He gave a hypothetical situation under the current tax,
under 20/20, and under 25/20. Slide 32 shows oil production
profiles from the four types of fields. It depicts the
number in millions barrels per year and the number of years
from the start of development. Slide 34 depicts the
economics of a 6-well exploration program with a 50 million
barrel-per-day field, under high cost and with low
production, without a $60 million allowance. Slide 35
depicts the same information with a $60 million allowance.
2:16:46 PM
Slide 36 shows the economics of a 6-well exploration program
without a $60 million allowance.
Slide 39 is a comparison of tax proposals: the House CS,
status quo, 20/20 with a $73 million tax allowance, and the
Senate CS, with the producer net cash flow discounted at 10
percent. The three plans do better than the status quo at
low prices. Slide 40 shows the total state revenues
comparing the same tax proposals with a crossover point at
about $50. Slide 41 shows the impact of progressivity for
the same 4 proposals, and producer net cash flow. Slide 42
depicts the impact of progressivity on total state revenues.
Slides 43 and 44 depict the impact of 25/20 versus 20/20 on
producer net cash flow and on total state revenues.
2:20:32 PM
Slide 45 summarizes exploration forgiveness - an alternative
to tax free allowance. Dr. Finizza suggested, for each new
field, to give a "tax holiday" from the PPT for the first 10
million barrels of production, which is equivalent to the
tax re-allowance in dollar terms. This would provide an
incentive for new exploration because it helps improve
producers' cash flow in the early stages of production.
Producers could not seek royalty relief if they opt for the
tax holiday. It also provides an incentive to put the field
on early. The tax holiday would not be applied to existing
fields. The fiscal impact on the state would not be felt
until the field is producing.
The graph in slide 46 shows tax-free annual production in a
50 million barrel field. Slide 47 is the typical cumulative
production profile of a 100 MMB field. Slide 48 shows the
impact on producer economics, and slide 49 shows the impact
on state revenues. Slide 50 depicts the impact on small
field economics in a 50 MB field.
2:23:42 PM
Slide 51 explains how producers may look at results on a
probabilistic basis. Dr. Finizza used a mean of $40 and P20
of $25, and P80 of $55 ($40 plus or minus $15). Slide 52
shows the distribution of results - producer internal rate
of return( IRR). The blue line depicts the IRR from PPT
using the House CS versus the status quo. The table on the
right shows if the median value for IRR is 17.2 percent,
under the status quo it would be roughly 14 percent. Using
P20, the IRR under PPT is 9.5 percent and under the status
quo, 5 percent. The graph shows the chance of IRR under PPT
and under the status quo. Slide 52 deals with the
distribution of results and the producer IRR, and slide 53
shows its effect on total state revenues.
2:27:47 PM
Dr. Finizza summarized his observations regarding
exploration impacts in slide 54. Without ANWR opening, the
expectation of large oil discoveries is unlikely, due to the
field size distribution of remaining economic reserves. At
low prices, 25/20 helps the explorer more than 20/20.
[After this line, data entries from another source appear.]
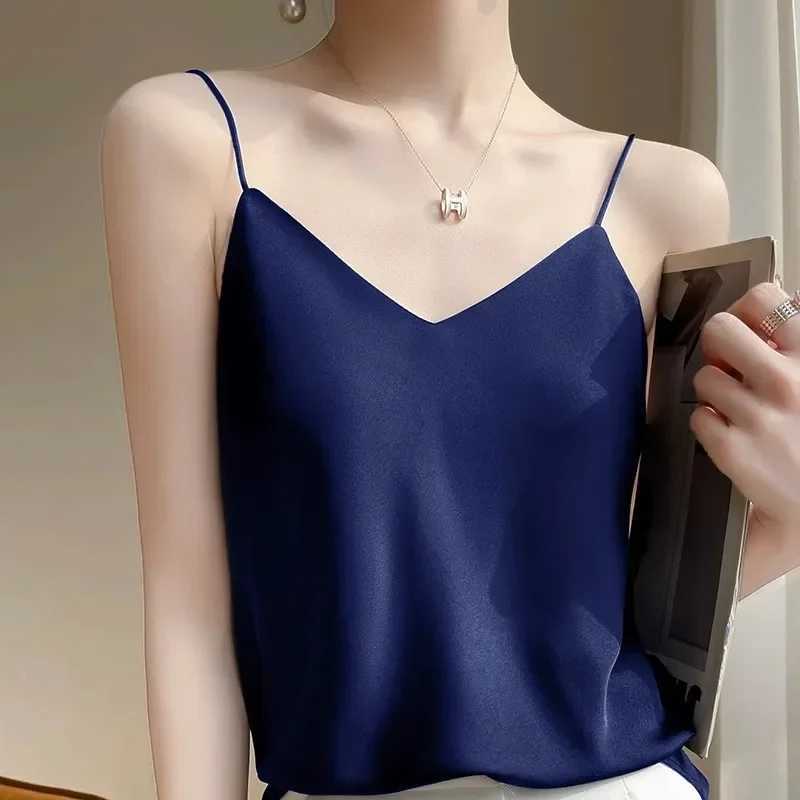 Casual Women Camis Tops Solid Spring Summer Tops Sexy V-neck Tank Tops Office Lady Top 2024 Fashion Korean Tank TopXJ250212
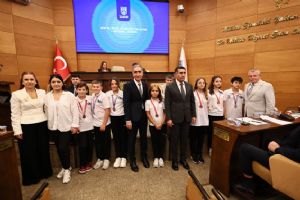 Silivri’nin şampiyon sporcularına mecliste ödül Silivri’nin şampiyon sporcularına mecliste ödül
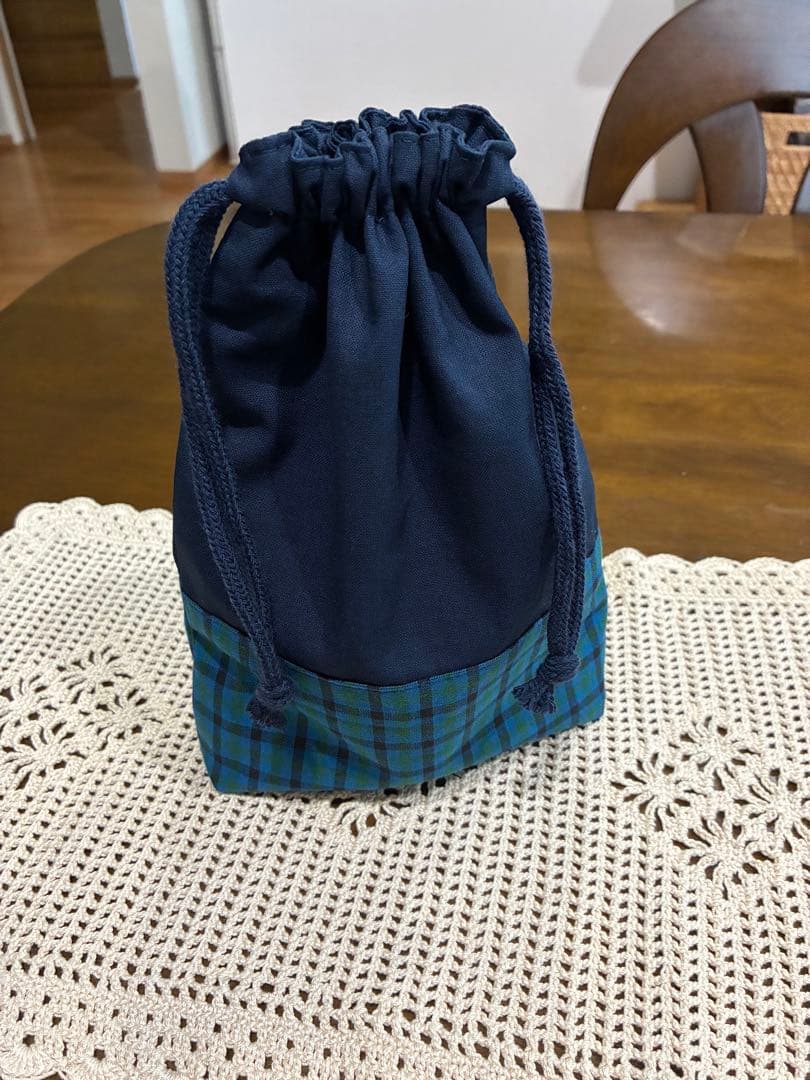 みどり　ファミリア風赤チェックフリルトートバッグ、スマホポーチ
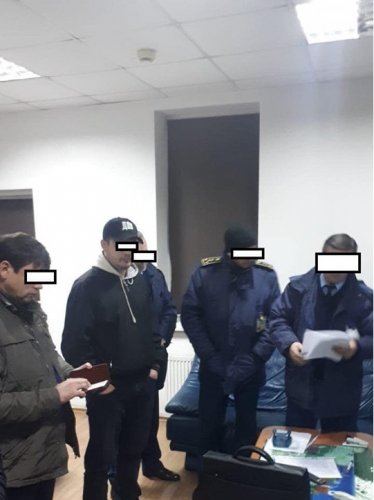 ГБР проводит обыски на Львовской таможне ГБР проводит обыски на Львовской таможне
Incentives are required at low prices, although alternative
prices would work as well. At low prices, 20/20 and 25/20
are preferred over the status quo, in order to incent
exploration. Exploration is still a risky business.
Probabilistic results using the "Industry View" of oil
prices yields a smaller chance of losing IRR under PPT than
under the status quo. There is a higher change of a revenue
loss for the state under PPT. Under either a 20/20 or 25/20
program, remaining reserves are economic except for at low
prices (<$30).
2:30:03 PM
Senator Con Bunde asked for an opinion about the likelihood
of $40 per barrel prices in the future. Dr. Finizza said he
believes the $40 amount is correct. The EIA has a $50 price
as their best guess. He maintained that $40 would match the
industry's predictions. Senator Bunde asked Senator Wilken
what this year's budget is based on. Senator Wilken said
$49.
2:31:37 PM
Mr. Pulliam turned the discussion to PPT and existing
fields. He referred to slide 56, the effective severance
tax rates over time for historical and projected fields,
under the status quo. He defined "effective tax rate" as
the nominal rate times ELF. The ELF will drive down the
effective tax rate. Over the next 24 years, the average of
all fields will be just over 5 percent, rather than just
over 12 percent. Slide 57 shows the same information by
field - Prudhoe Bay, Kuparuk, and Alpine. Slide 58 shows
the effective tax rates and wellhead prices over time on all
North Slope fields.
2:35:29 PM
Slides 59-61 show effective tax rates and wellhead prices
over time for Prudhoe Bay, Kuparuk, and Alpine fields.
2:36:08 PM
Mr. Pulliam discussed projected volumes. Slide 62 shows
projected North Slope crude oil production based on the
Department of Revenue's (DOR) 2005 fall forecast. The
spring update reduced the aggregate by 30,000 barrels per
day lower than what is shown on this graph. It is broken
down into three periods because the further out in time, the
less is known. The periods are FY 2007-2011, FY 2007-2016,
and FY 2007-2030. Without ANWR the volumes from known
fields are likely to be about 80 percent of what is
available on the North Slope. Prudhoe Bay is the big field
or about 45 percent of the projected volumes. Kuparuk added
in equals about 65 percent. With the addition of Alpine,
the total is about 75 percent of the total projected
volumes.
Mr. Pulliam discussed decline rates. The average decline
rate is about 3.5 percent per year over the next 24 years.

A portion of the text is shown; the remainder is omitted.